Is Pope Tech better than accessiBe?

For most use cases, yes. Pope Tech scans your actual source code using axe-core to find real WCAG violations and shows you how to fix them. accessiBe is an overlay that injects JavaScript without fixing your underlying code, and was fined $1 million by the FTC in 2025 for deceptive marketing claims about its compliance capabilities. Pope Tech's approach creates documented, permanent improvement in your site's accessibility.

Can universities use accessiBe for ADA/Section 504 compliance?

Universities should not rely on accessiBe (or any overlay) for ADA or Section 504 compliance.
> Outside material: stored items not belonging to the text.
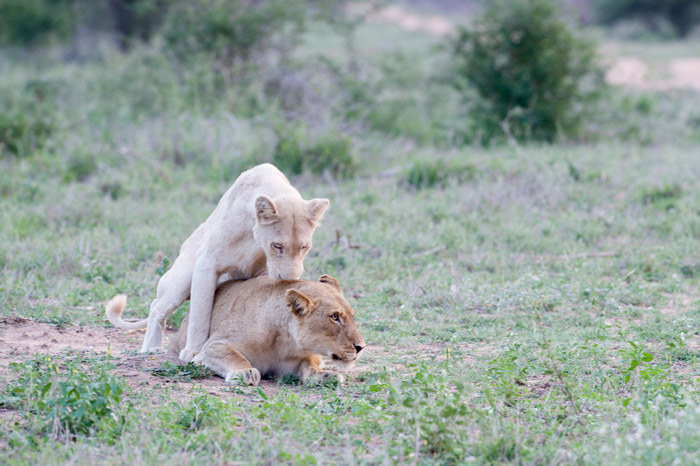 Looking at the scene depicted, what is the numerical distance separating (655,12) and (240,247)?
34360mm

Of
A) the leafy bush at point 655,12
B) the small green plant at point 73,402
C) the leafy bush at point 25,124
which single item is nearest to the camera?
the small green plant at point 73,402

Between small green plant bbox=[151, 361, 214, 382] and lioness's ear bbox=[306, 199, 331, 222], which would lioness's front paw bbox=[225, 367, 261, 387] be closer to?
small green plant bbox=[151, 361, 214, 382]

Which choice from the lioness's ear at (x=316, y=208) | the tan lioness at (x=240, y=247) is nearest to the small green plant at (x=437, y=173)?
the tan lioness at (x=240, y=247)

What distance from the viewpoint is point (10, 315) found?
271 inches

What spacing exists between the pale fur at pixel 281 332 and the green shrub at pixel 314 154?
19.1ft

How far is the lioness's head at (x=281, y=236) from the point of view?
5547mm

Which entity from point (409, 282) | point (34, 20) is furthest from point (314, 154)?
point (34, 20)

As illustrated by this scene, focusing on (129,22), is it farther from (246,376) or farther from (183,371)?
(246,376)

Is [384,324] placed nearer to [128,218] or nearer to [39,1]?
[128,218]

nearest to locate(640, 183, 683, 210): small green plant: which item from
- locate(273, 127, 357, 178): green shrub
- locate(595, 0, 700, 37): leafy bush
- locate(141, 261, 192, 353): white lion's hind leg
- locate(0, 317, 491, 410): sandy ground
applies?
locate(273, 127, 357, 178): green shrub

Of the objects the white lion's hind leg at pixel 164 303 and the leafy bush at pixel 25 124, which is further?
the leafy bush at pixel 25 124

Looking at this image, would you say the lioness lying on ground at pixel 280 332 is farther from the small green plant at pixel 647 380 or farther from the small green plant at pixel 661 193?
the small green plant at pixel 661 193

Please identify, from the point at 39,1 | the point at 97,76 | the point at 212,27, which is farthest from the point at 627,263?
the point at 39,1

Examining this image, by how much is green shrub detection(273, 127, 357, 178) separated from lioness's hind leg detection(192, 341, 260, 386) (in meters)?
6.11
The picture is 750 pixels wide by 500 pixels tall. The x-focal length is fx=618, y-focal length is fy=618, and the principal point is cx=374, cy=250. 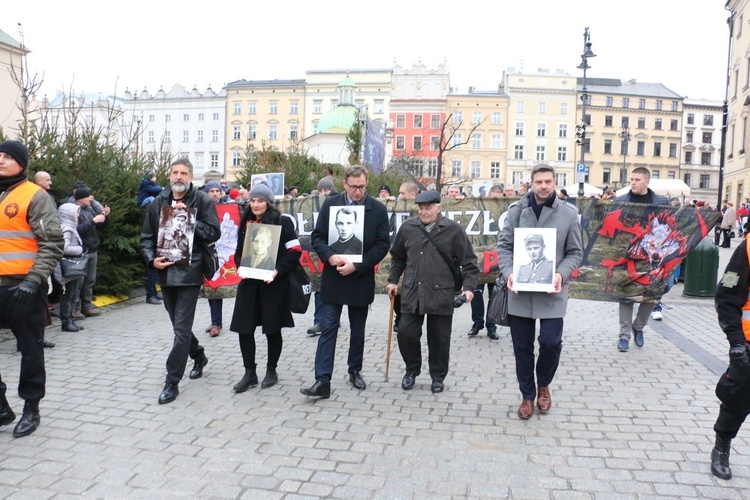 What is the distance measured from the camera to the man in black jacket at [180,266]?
5.67 metres

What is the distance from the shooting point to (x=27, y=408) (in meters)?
4.79

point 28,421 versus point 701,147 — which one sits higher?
point 701,147

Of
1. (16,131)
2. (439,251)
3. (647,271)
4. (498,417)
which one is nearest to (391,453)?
(498,417)

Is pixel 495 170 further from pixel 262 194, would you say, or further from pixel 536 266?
pixel 536 266

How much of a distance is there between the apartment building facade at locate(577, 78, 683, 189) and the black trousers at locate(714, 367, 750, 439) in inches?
3845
The Office for Civil Rights (OCR) has specifically stated that overlays do not satisfy Section 504 requirements. Universities need documented remediation programs showing that actual WCAG violations are being identified and fixed — not masked with JavaScript. OCR compliance requires evidence of meaningful progress in fixing accessibility barriers, which an overlay cannot provide.

Does Pope Tech only work for higher education?

Pope Tech was built primarily for higher education and has LMS integrations for Canvas, Blackboard, and Brightspace that make it particularly well-suited for universities. However, it can be used by any organization that manages a large web presence with many content contributors. For small to mid-sized businesses that don't need the higher education-specific features, alternatives like RatedWithAI ($29/month) provide the same axe-core scanning at a lower price point.

How does Pope Tech compare to Siteimprove for universities?

Pope Tech is purpose-built for accessibility in higher education and has deeper LMS integrations and university-specific workflow features. Siteimprove is a broader web governance platform that includes accessibility scanning alongside content quality, SEO, and analytics. Universities that want to manage more than just accessibility often prefer Siteimprove's broader scope; those with dedicated accessibility programs often prefer Pope Tech's depth.

What happened with accessiBe and the FTC?

In January 2025, the FTC fined accessiBe $1 million for making deceptive marketing claims — specifically that its AI overlay could make any website fully WCAG 2.1 AA compliant within 48 hours. The FTC found these claims were false and unsubstantiated. The FTC complaint also alleged accessiBe paid for fake reviews. A consent order was approved April 24, 2025, restricting accessiBe's marketing claims. Pope Tech has not faced any equivalent regulatory action.